(DIRECTIONS) Starting at the line that holds "Prenájom Skladov 10m2-60m2", quote every line through the end of the records, both boundary lines included. Omit the pictures.

(EXCERPTED RECORDS)
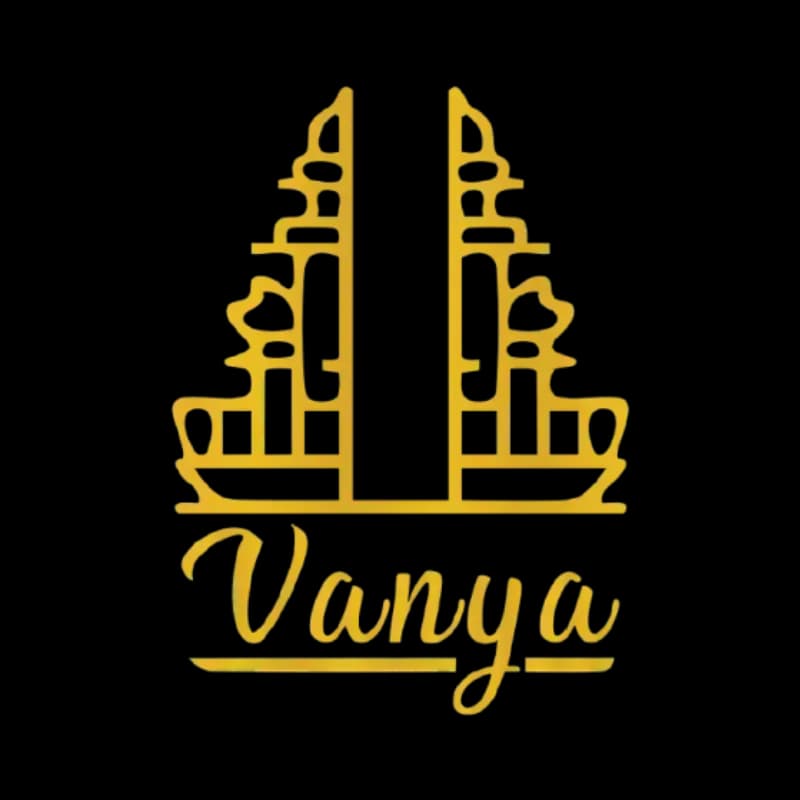 Managing director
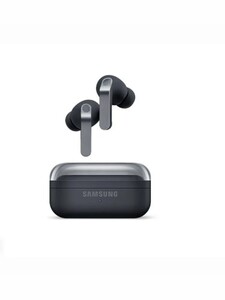 Беспроводные наушники Samsung Galaxy buds 4 pro (с картой OZON, из-за рубежа)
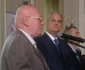 nastase şi teodorescu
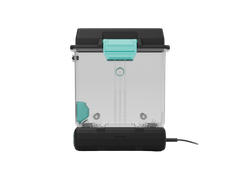 PolyMaker PolyDryer Filament Dryer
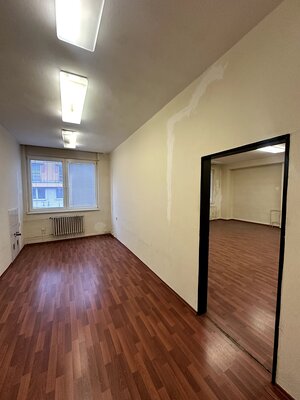 Prenájom Skladov 10m2-60m2 FREE ZONE SIPOX, a.s, Kopčianska 92, Bratislava, Petržalka — foto 10
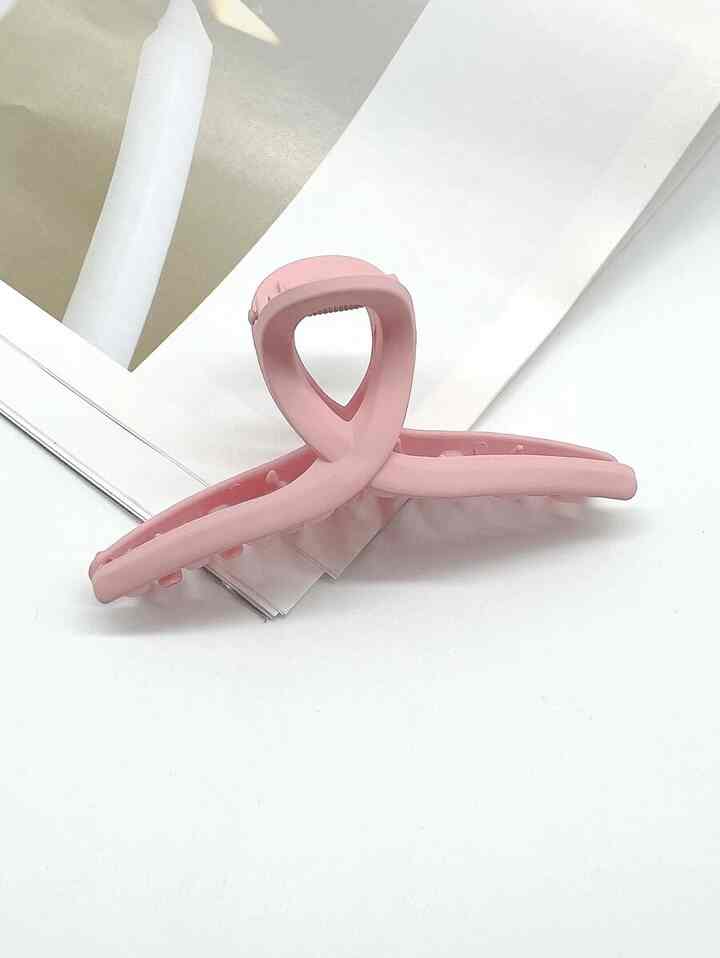 ヘアツメ ソリッド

(RESPONSE TO THIS TASK)
 Prenájom Skladov 10m2-60m2 FREE ZONE SIPOX, a.s, Kopčianska 92, Bratislava, Petržalka — foto 10
 ヘアツメ ソリッド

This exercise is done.